# Repo maintenance

Backups go in; without maintenance, repos grow forever and
eventually fall over. restic-manager runs three maintenance
operations on a per-host cadence:

| Command  | What it does                                                | Default cadence |
|----------|-------------------------------------------------------------|-----------------|
| `forget` | Marks snapshots eligible for removal per the retention policy attached to each source group. Cheap; runs append-only. | Daily after the last backup of the day |
| `prune`  | Reclaims space from the repo. Requires the **admin** credential (write+delete). | Weekly, off-peak |
| `check`  | Verifies repo integrity. Sub-options surface lock state. | Weekly, with `--read-data-subset N%` to sample pack files |

A new field on each host row, `host_repo_maintenance`, holds the
cron expressions and last-fire anchors. The maintenance ticker on
the server runs every 60s, finds hosts whose next-fire is due,
and dispatches the right command. The agent's local cron is
**only** for backups.

## Why server-side and not agent-side?

The agent's cron knows about backups because backups are
per-source-group. Maintenance is per-repo, not per-source-group,
so doing it server-side keeps the per-host wiring simple:

- One ticker, not N agent crons to keep in sync.
- Cancelling a maintenance dispatch is just "don't dispatch the
  next one" — no agent-side state to clean up.
- Skipping offline hosts is trivial (no queue; only scheduled
  *backups* queue into `pending_runs`).

## Forget and the multi-group payload

A single `forget` job can target several source groups at once.
The wire envelope (`ForgetGroups`) carries one entry per group,
each with its retention policy. The agent runs N
`restic forget --tag <name> --keep-...` invocations in sequence,
streams their output, and reports a single terminal status.

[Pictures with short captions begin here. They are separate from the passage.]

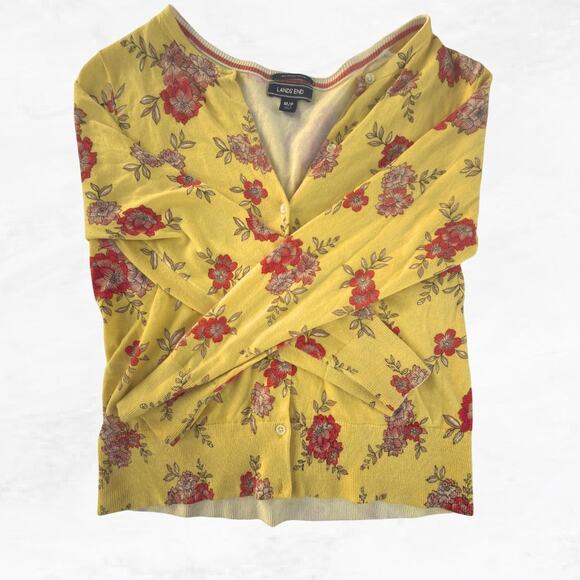 LAND'S END Yellow Cardigan with floral accents - Picture 2 of 5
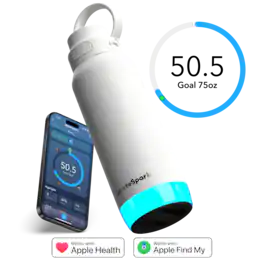 Hidrate - 32 oz HidrateSpark PRO 2 Smart Water Bottle - Health & Wellness Tracker - Apple Health - Smart Ring & Watch Compatible - White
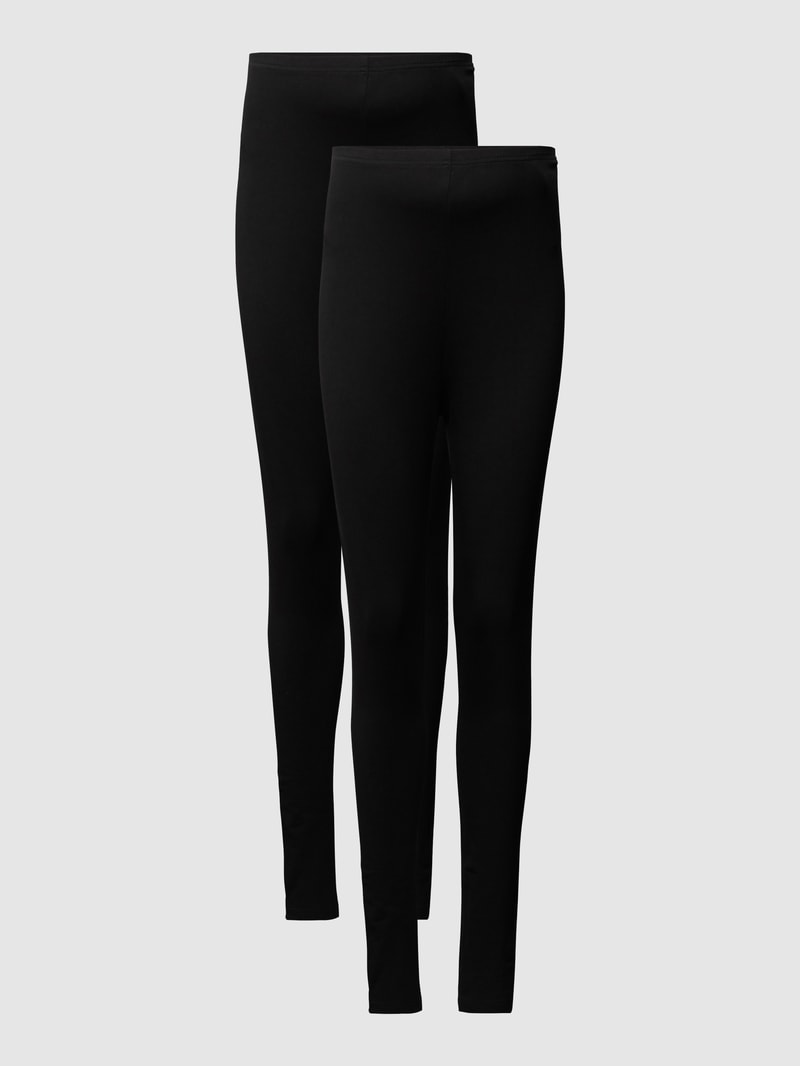 Umstands-Leggings mit Stretch-Anteil im 2er-Pack in schwarz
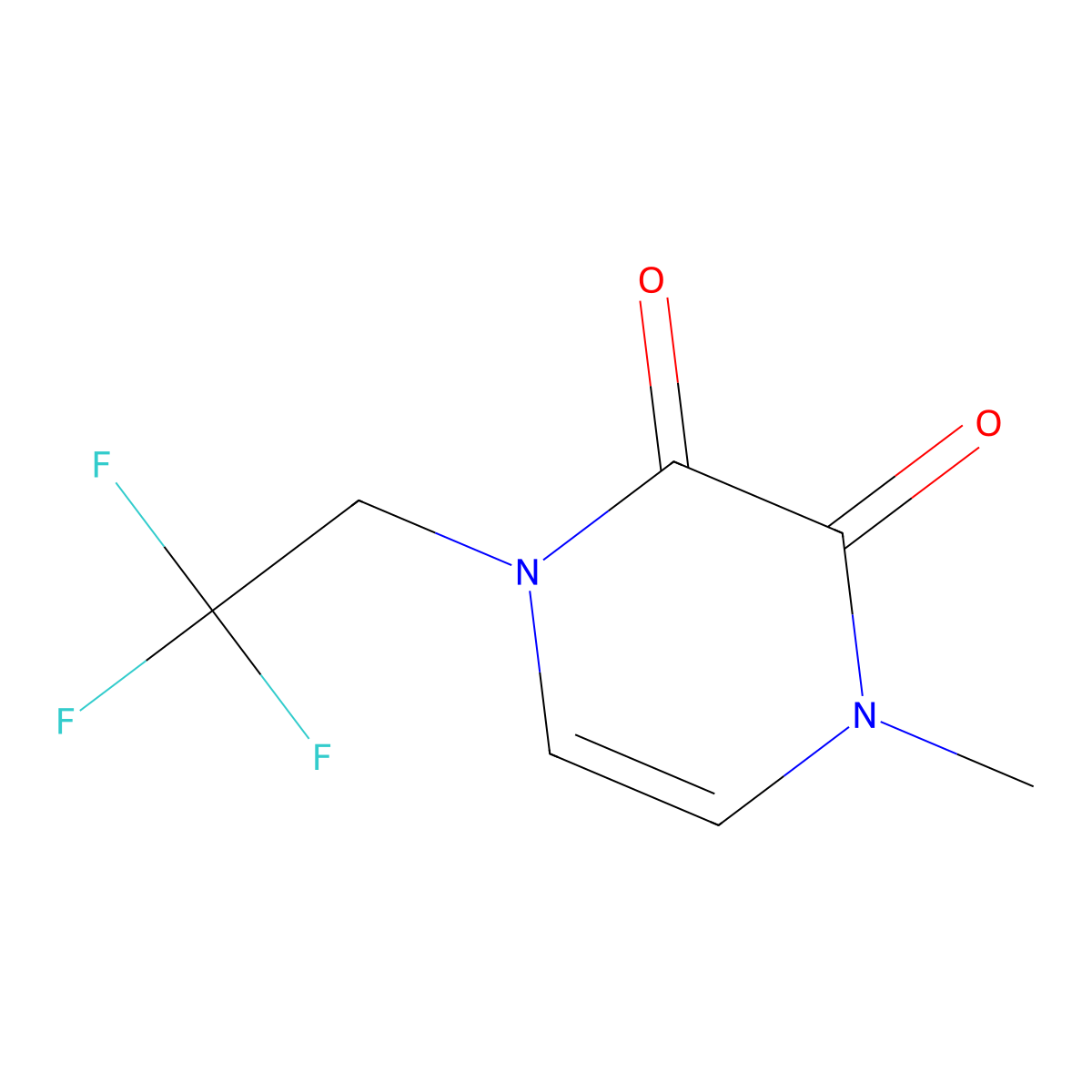 1-Methyl-4-(2,2,2-trifluoroethyl)-1,2,3,4-tetrahydropyrazine-2,3-dione molecular structure, CAS 3054627-21-0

## Prune and the admin credential

Prune mutates the repo. The everyday append-only credential
**cannot** prune — that's the whole point of append-only.
restic-manager keeps a second slot per host (`kind = 'admin'`)
for the credential that can.

When a prune is dispatched (cadence-driven or operator-driven):

1. Server pushes the admin credential to the agent in a fresh
   `config.update`.
2. Agent runs `restic prune` with the merged credential.
3. Job finishes; agent discards the admin credential from its
   in-memory secrets store.

The server never logs the merged URL (see
[Credentials](./credentials.md)).

## Check and lock state

`restic check` warns about stale locks when it finds them. The
agent ships every check's output back as a `repo.stats` envelope
and a stream of log lines; if a stale lock is detected, the
**Repo** page surfaces a banner with an **Unlock** button. The
operator-only `unlock` command runs `restic unlock` and clears
the banner.

`unlock` has no cadence — it's a manual action, never automatic.
Auto-unlocking would mask the cause (probably a previously
crashed long-running operation) and risk corrupting an
operation the operator has merely lost track of.

## Repo stats

After every backup, check, prune, and unlock, the agent runs
`restic stats --json --mode raw-data` and ships the result as a
`repo.stats` envelope. The server stores this in
`host_repo_stats` (latest only) and `host_repo_stats_history`
(one row per host per day, last-write-wins per column — a
prune-only patch never nulls a backup-time size).

The host detail page surfaces:

- Total size + raw size in the vitals strip.
- Last-check timestamp + colour-coded status.
- Last-prune timestamp.
- 30/90-day repo size trend chart.